Single by Dead Kennedys

from the EP In God We Trust, Inc.
- B-side: "Moral Majority"
- Released: November 1981
- Recorded: 1981
- Studio: Möbius Music (San Francisco)
- Genre: Hardcore punk
- Length: 1:03
- Label: Alternative Tentacles
- Songwriter: Jello Biafra
- Producer: Oliver DiCicco

Dead Kennedys singles chronology
| "Too Drunk to Fuck" (1981) | "Nazi Punks Fuck Off" (1981) | "Bleed for Me" (1982) |

= Nazi Punks Fuck Off =

1981 single by Dead Kennedys

"Nazi Punks Fuck Off" is a song by American punk rock band Dead Kennedys. It was released in November 1981 through Alternative Tentacles as a 7-inch single with "Moral Majority" as the B-side. Both are from the In God We Trust, Inc. EP, although the EP version is a different recording from the single version. The single included a free armband with a crossed-out swastika. The design was later adopted as a symbol for the anti-racist punk movement Anti-Racist Action.

==Composition==
While some have claimed the song was written as a reaction to far-right punk subcultures such as Nazi punk or the white power skinhead movement, Jello Biafra has stated the initial premise of the song was about violence at punk shows, summarizing it as, "You violent people at shows are acting like a bunch of Nazis". The lyrics condemn the infighting among punks for weakening the prospect of rebelling against far-right agitators, and that "in a real Fourth Reich, [they'd] be the first to go."

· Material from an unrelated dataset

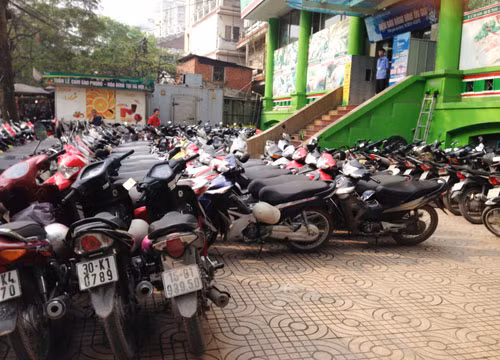 Có tầng hầm để xe, nhưng toàn bộ xe máy của nhân viên tòa nhà 51 Lê Đại Hành được để trên vỉa hè. Có tầng hầm để xe, nhưng toàn bộ xe máy của nhân viên tòa nhà 51 Lê Đại Hành được để trên vỉa hè.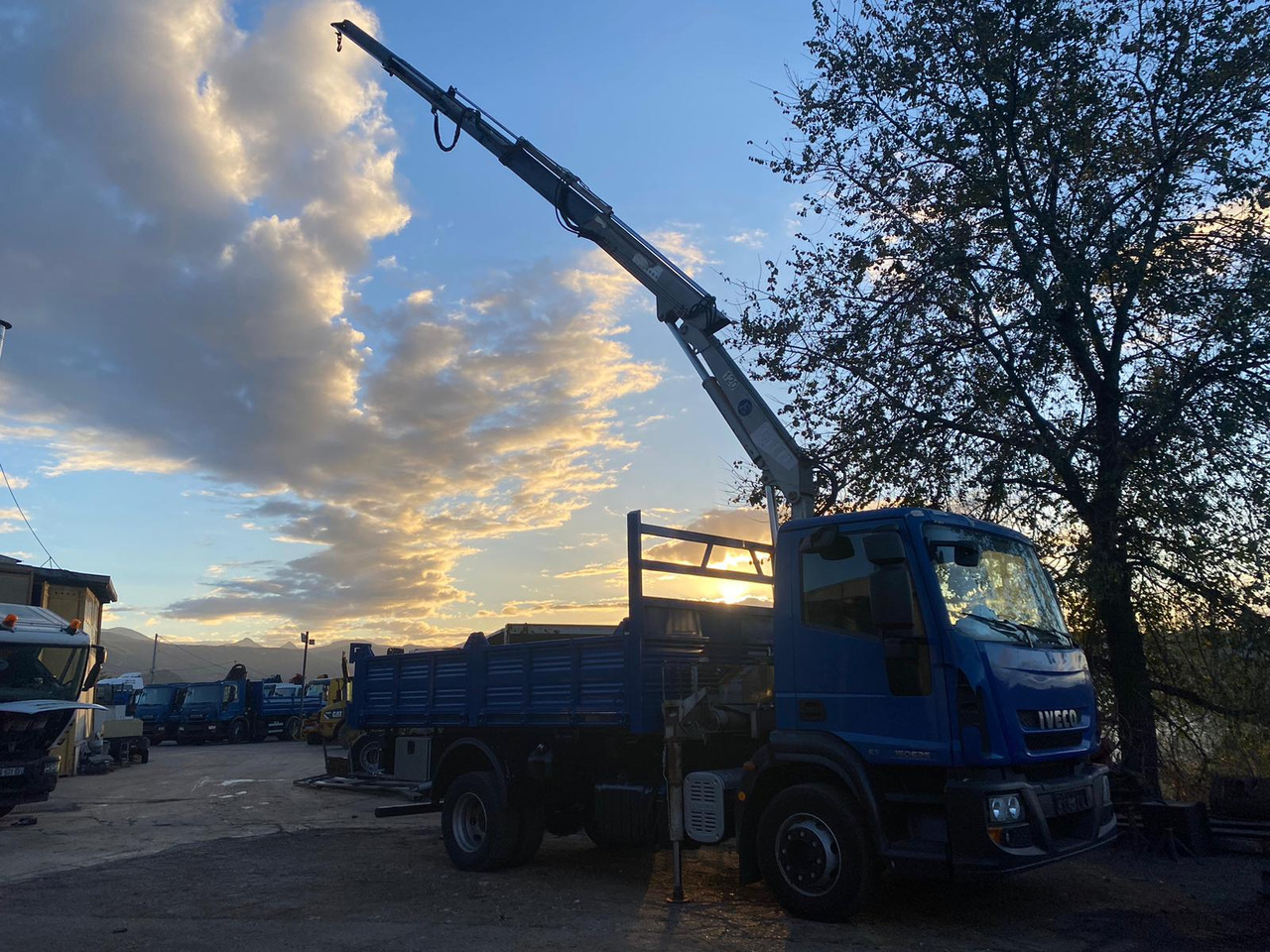 IVECO EUROCARGO 150E25P - Kranbil, Tippbil lastbil: bild 5 IVECO EUROCARGO 150E25P - Kranbil, Tippbil lastbil: bild 5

In the opening of the In God We Trust, Inc. version of "Nazi Punks Fuck Off", lead singer Jello Biafra mentions English producer Martin Hannett, who had worked with Joy Division and Buzzcocks, accusing him, tongue-in-cheek, of having "overproduced" the recording. Hannett, in fact, did not work with the Dead Kennedys.

==Personnel==
- Jello Biafra – lead vocals
- East Bay Ray – guitar
- Klaus Flouride – bass, backing vocals
- D. H. Peligro – drums

==Charts==

| Chart (1982) | Peak position |
|---|---|
| UK Indie Chart | 11 |

==Cover versions==
- The English grindcore band Napalm Death recorded a cover for their 1993 EP of the same name.
- The fictional band The Ain't Rights performed a cover of the song in a modern-day white supremacist club in the 2015 horror film Green Room.
- Original lyricist Biafra rewrote the song as "Nazi Trumps Fuck Off" in 2017; he performed it live with the crossover thrash group Dead Cross.